Mir may still be in trouble. But one joint Russian launch venture already has an order backlog of $3 billion

To anyone watching, the beleaguered Mir space station seems a galactic metaphor for what's happening to the Russian space program here on Earth.

Mir has been beset by breakdowns that have delayed its repair since an unmanned cargo ship rammed it a month ago. And the Russian space program has over the past year suffered serious mishaps that have raised international doubts about the country's ability to continue as a space power.

But Mir and its woes are only part of the complicated evolution of Russian aerospace since the end of the Soviet Union and the cold-war space race. Badly underfunded government projects are indeed suffering. But Russian aerospace's commercial efforts are booming.

Several Russian aerospace companies, among them those that built Mir more than a decade ago, have created joint-venture businesses with their Western counterparts that are successfully tapping the great worldwide demand for launching communications satellites. The Westerners provide investment and badly needed expertise in marketing and sales. But what sells is Russian technology, a market trend that could stand on its ear the layman's stereotype about the obsolescence of Russian aerospace.

"We saw that Russia had a world-class product," says Mel Brashears, president of space and strategic missiles at Lockheed Martin Corp., Bethesda, Md., about the Russian Proton rocket. "We realized that together we could do a great deal we couldn't do separately."

Lockheed's enthusiasm has led to several projects with Russian aerospace concerns. But its flagship joint venture is International Launch Services (ILS), which it started in 1995 with the Khrunichev State Research and Production Space Center, its main Moscow-based partner, and the Russian Space Complex Energiya. Headquartered in San Diego, ILS markets Khrunichev's Proton rocket as well as Lockheed's own Atlas rocket for use in commercial satellite launches.

ILS has already launched four Protons from Kazakstan, two in the last six weeks carrying US satellites. ILS has a backlog of $3 billion in launch orders that stretches past the year 2000. The company expects nothing short of $1 billion in annual revenues over the next few years.

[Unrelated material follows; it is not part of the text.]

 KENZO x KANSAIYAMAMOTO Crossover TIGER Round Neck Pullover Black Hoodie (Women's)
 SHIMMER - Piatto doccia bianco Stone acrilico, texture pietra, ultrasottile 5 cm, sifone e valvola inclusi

"When you think of all the foreign investment projects, like those in oil, for example, that are supposed to bring in money but haven't so far," says Charles Lloyd, president of ILS, "ours really stands out because hundreds of millions of dollars have already gone back to Russia."

ILS may soon get competition from Sea-Launch, a joint venture involving Seattle-based Boeing Co., Norwegian shipbuilder Kvaerner AS, Ukraine's Yuzhnoye rocketmaker, and Energiya, which designed the rockets and modules of the Soviet space program. Based on an Energiya idea, Sea-Launch envisions launches using Russian- and Ukrianian-made Zenit rockets from a movable platform in the ocean. The first launches are scheduled for late 1998.

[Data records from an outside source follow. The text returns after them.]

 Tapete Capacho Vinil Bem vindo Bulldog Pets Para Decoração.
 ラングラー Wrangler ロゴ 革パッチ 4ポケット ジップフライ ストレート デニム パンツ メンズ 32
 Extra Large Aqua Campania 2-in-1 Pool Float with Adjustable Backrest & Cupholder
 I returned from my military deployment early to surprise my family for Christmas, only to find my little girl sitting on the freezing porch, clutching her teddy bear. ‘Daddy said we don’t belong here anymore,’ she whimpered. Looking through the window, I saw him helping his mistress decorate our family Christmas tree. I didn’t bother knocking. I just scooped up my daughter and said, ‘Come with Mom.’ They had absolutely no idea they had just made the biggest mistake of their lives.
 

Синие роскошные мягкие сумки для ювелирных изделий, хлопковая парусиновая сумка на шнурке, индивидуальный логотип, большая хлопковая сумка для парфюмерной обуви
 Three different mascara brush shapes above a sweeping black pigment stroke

Aerospace concerns realized perhaps earlier than other Russian industrial giants that, without a foreign partner, they were doomed. Government cuts in defense and aerospace spending started in the late 1980s and deepened with the fall of the Soviet Union. "We knew we had to go out on the world market," says Sergei Zhiltsov, a spokesman for Khrunichev.

"But after 75 years in a closed economy, we had no idea of what a market was and even a competitor," he adds.

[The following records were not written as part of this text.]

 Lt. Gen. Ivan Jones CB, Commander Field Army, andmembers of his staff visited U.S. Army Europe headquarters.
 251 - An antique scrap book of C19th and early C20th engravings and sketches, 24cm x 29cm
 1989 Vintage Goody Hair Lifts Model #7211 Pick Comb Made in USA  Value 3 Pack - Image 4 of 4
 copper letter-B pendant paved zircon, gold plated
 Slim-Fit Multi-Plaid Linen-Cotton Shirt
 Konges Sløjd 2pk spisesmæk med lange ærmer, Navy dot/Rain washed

American companies such as Lockheed began courting Russian aerospace as soon as the Soviet Union fell apart. At the same time, the Russian and American governments realized that unless aerospace here received financial help, talented but poorly paid scientists might sell their expertise to rogue nations such as Libya. Agreements between the two governments "laid out the political and technical ground rules," says Mr. Lloyd. "It helped us deal with certain bureaucracies that thought they still had control over Russian aerospace." Russian aerospace concerns are still government-owned, though individually run.

Russia did fall behind the US in certain aerospace developments, most notably satellite technology, but its rocket technology was competitive with or even surpassed the West's.

Proton's liquid-fuel engine burns cleaner than solid-fuel rockets commonly used in the West. The rocket, according to Lockheed, also has the best record for reliability in its class of large vehicles. It's a bigger rocket than Lockheed's Atlas so it can carry heavier satellites.

Lockheed is now turning to the Russian concern NPO Energomash and its US partner, East Hartford, Conn.-based Pratt & Whitney, for help in upgrading Atlas. At the Paris Air Show this year, Lockheed signed a $1 billion contract with Energomash for the latter to provide it with 101 RD-180 rocket engines over the next decade.

Lockheed, Pratt & Whitney, and Energomash are also using the Atlas outfitted with an RD-180 engine as the basis for a bid on a highly-lucrative US Air Force launch contract. In a tender that's come down to Lockheed versus Boeing, with a decision expected next year, the US Air Force is trying to pick one rocket for all government launches.

If the Atlas wins, Energomash would get the financing to take its engine technology beyond the Soviet legacy. "From what we get now, we can move forward," says Boris Katorgin, the company's president, "and our dream is make a rocket better than any other in the world, one that will bring a satellite safely down to Earth."